BRIEF DESCRIPTION OF THE DRAWINGS
[0045] FIG. 1 is a flowchart of a processing method for a
photovoltaic cell according to an embodiment of the present
disclosure;
[0046] FIG. 2 is a front view of a string welding and curing device
for a photovoltaic cell according to an embodiment of the present
disclosure;
[0047] FIG. 3 is a side perspective view of a string welding and
curing device for a photovoltaic cell according to an embodiment of
the present disclosure.
REFERENCE NUMERALS
TABLE-US-00001 [0048] 10-Conveying device 20 - Lifting plate 21 -
Connecting protrusion 30 - First heating component 40-Pressing pin
50-Support stand 60-Support platform
DETAILED DESCRIPTION
[0049] Hereinafter, embodiments of the present disclosure will be
described in detail.
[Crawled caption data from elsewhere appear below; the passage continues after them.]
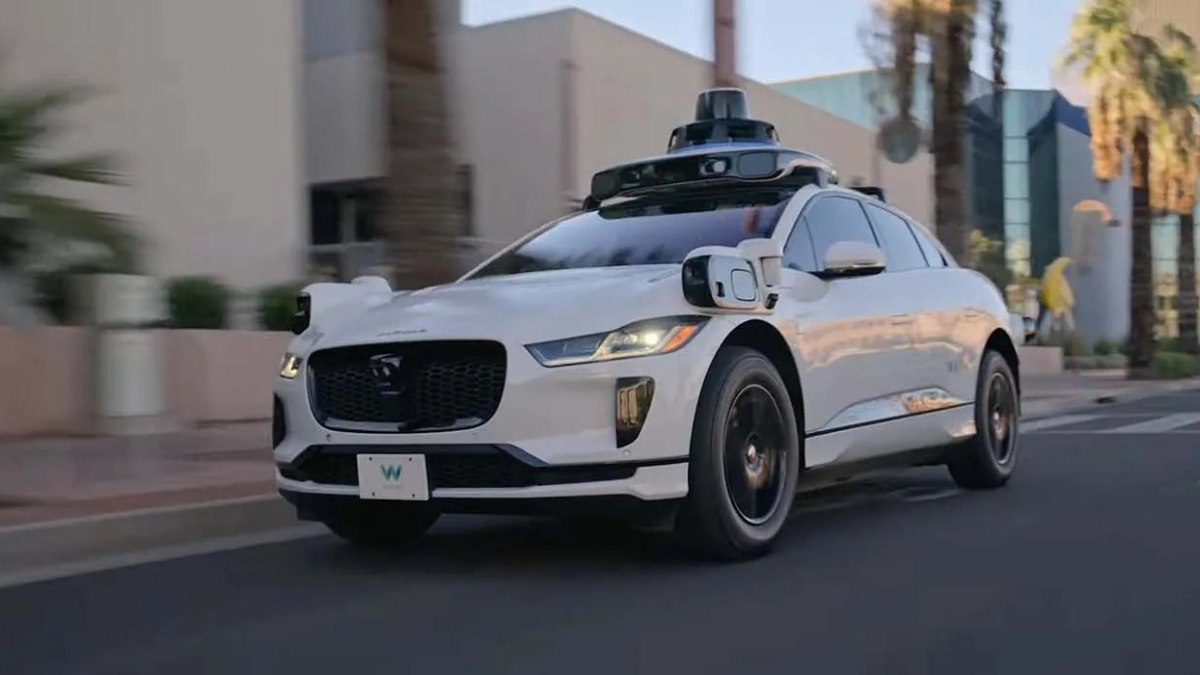 Waymo, robotaksi hizmetini genişletme planlarıyla geleceğin ulaşımını şekillendiriyor. Yeni bölgelerde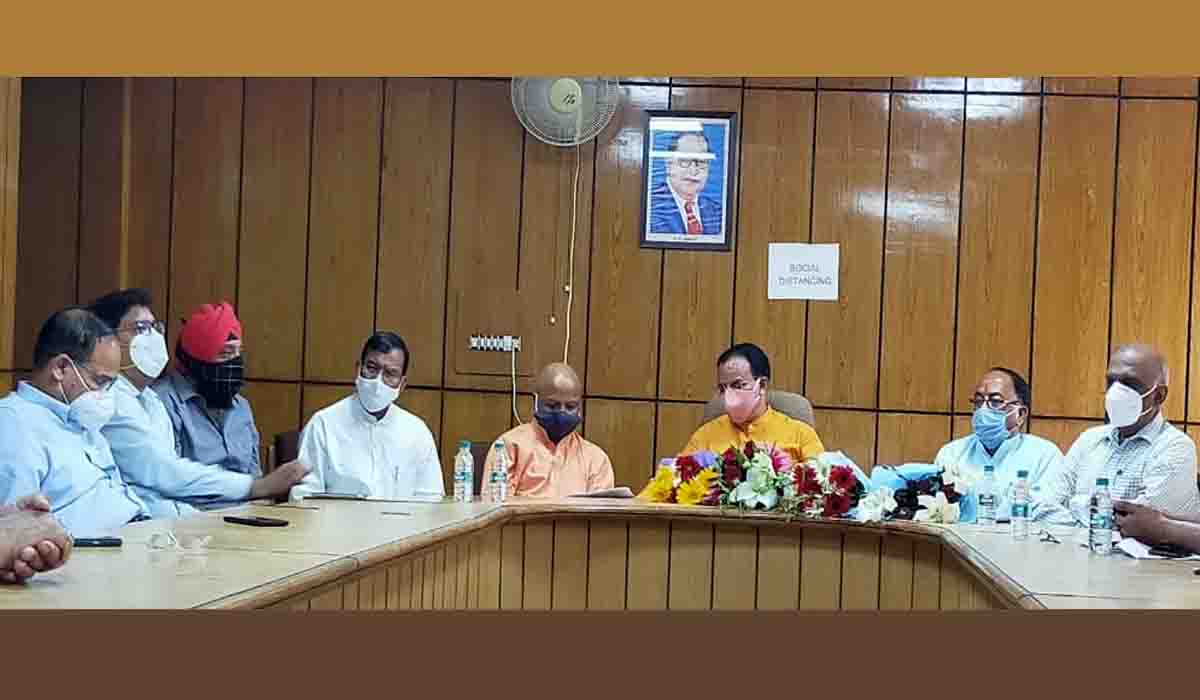 Health minister meets IMA officials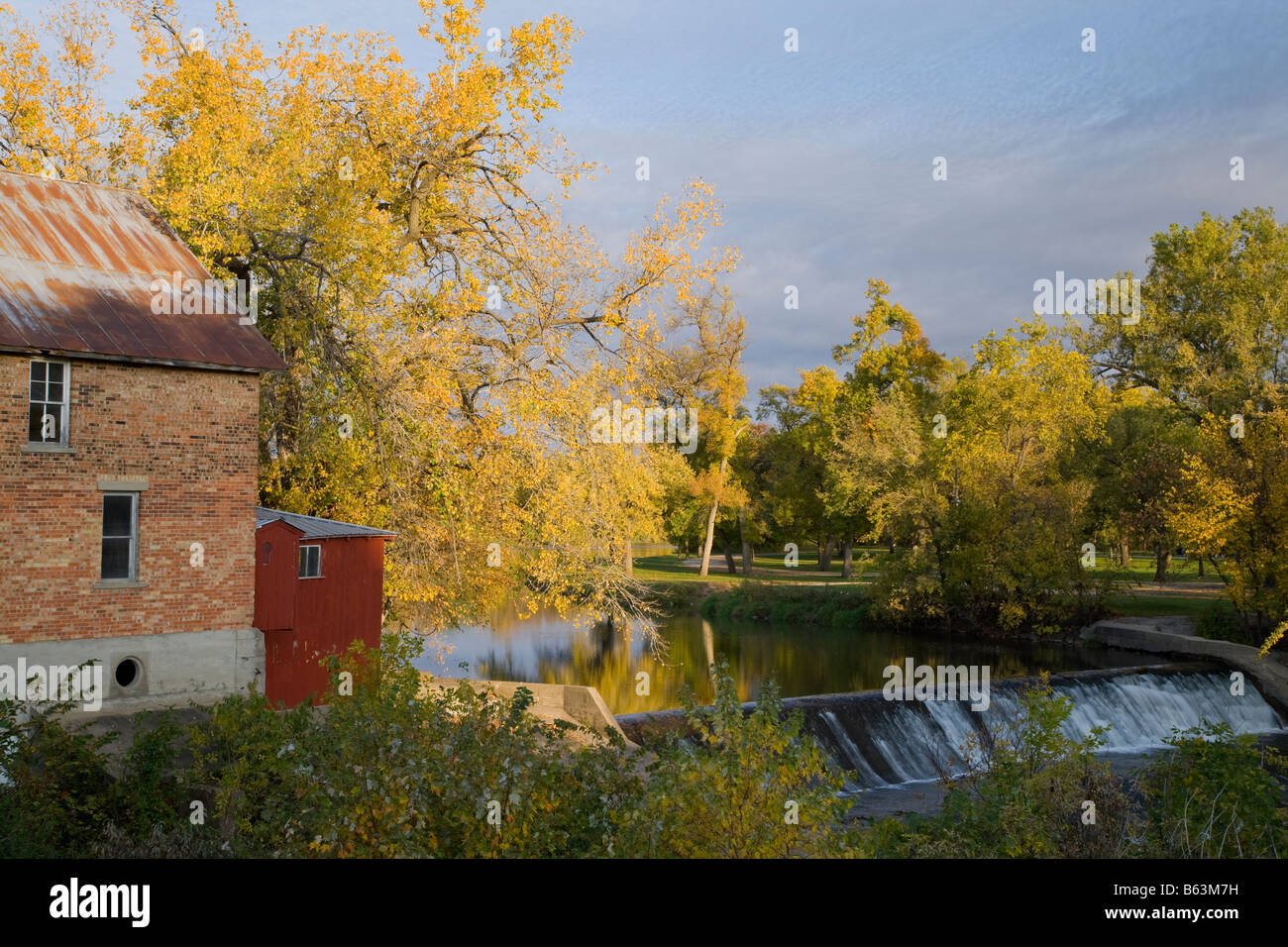 historische Lidtke Mill oberhalb der oberen Iowa River, Kalk-Federn, Iowa Stockfoto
Examples of the embodiments are shown in the
accompanying drawings. The same or similar reference numerals
throughout the drawings denote the same or similar elements or
elements having the same or similar functions. The embodiments
described below with reference to the drawings are exemplary, are
used to explain the present disclosure, and cannot be construed as
limiting the present disclosure.
[0050] As shown in FIG. 1, the present disclosure provides a
processing method for a photovoltaic cell, including the following
steps.
[0051] In step S1, both side surfaces of a monocrystalline silicon
wafer are plated. The plating specifically includes the following
steps.
[0052] In Step S11, the both side surfaces of a monocrystalline
silicon wafer are textured and cleaned. Texturing is to form
pyramidal suede surfaces on the both side surfaces of a
monocrystalline silicon wafer, and the size of the pyramid is 1 to
10 microns. Texturing can reduce reflection on the surface of the
monocrystalline silicon wafer, and thereby increase the conversion
rate of the solar cell sheet.
[0053] In Step S12, a first intrinsic passivation layer and a first
amorphous silicon doped layer are deposited on one side surface of
the monocrystalline silicon wafer in sequence; a second intrinsic
passivation layer and a second amorphous silicon doped layer are
deposited on the other side surface of the monocrystalline silicon
wafer in sequence. Specifically, the above intrinsic passivation
layers and the amorphous silicon doped layers may be deposited on
the two side surfaces of the monocrystalline silicon wafer by
plasma-enhanced chemical vapor deposition (PECVD) or hot filament
chemical vapor deposition (HWCVD). The two intrinsic passivation
layers and the two amorphous silicon doped layers are formed in the
same manner, deposited in different chambers, and can be processed
in the same step. Preferably, the first amorphous silicon doped
layer is an N-type amorphous silicon base layer, the second
amorphous silicon doped layer is a P-type amorphous silicon base
layer; and the first intrinsic passivation layer and the second
intrinsic passivation layer are both amorphous silicon based
intrinsic layers.
[0054] In Step S13, a first transparent conductive layer is
deposited on the first amorphous silicon doped layer; a second
transparent conductive layer is deposited on the second amorphous
silicon doped layer. Specifically, the first transparent conductive
layer and the second transparent conductive layer may be prepared
by physical vapor deposition (PVD), or may be prepared by remote
plasma coating (RPD). Preferably, the above first transparent
conductive layer and the second transparent conductive layer are
both TCO glass layers.
[0055] In Step S2, a first electrode is formed on one side surface
of the plated monocrystalline silicon wafer. Specifically, the
first electrode is formed on the first transparent conductive
layer. Preferably, a plurality of first fine gate lines and a first
main gate line may be printed on the first transparent conductive
layer by screen printing. The first fine gate lines and the first
main gate line constitute the first electrode. It should be
understood by those skilled in the art that, since the electrodes
of the cell sheet are mostly made of mixed solution of silver paste
and resin, the first electrode has to be dried after the first
electrode is formed. Specifically, a hot air blower can be used for
the drying.
[0056] In Step S3, a second electrode is formed on the other side
surface of the plated monocrystalline silicon wafer, to form a cell
sheet. Specifically, a second electrode is formed on the second
transparent conductive layer to form a cell sheet. Further, both
the first electrode and the second electrode are both made of
silver paste and resin. The process of forming the second electrode
specifically includes performing a first printing on the second
transparent conductive layer by screen printing to form a base
layer of the second electrode; drying the base layer of the second
electrode; and performing a second printing on the base layer of
the second electrode by screen printing to form the second
electrode; and finally, drying the second electrode. Specifically,
a hot air blower can be used for the drying.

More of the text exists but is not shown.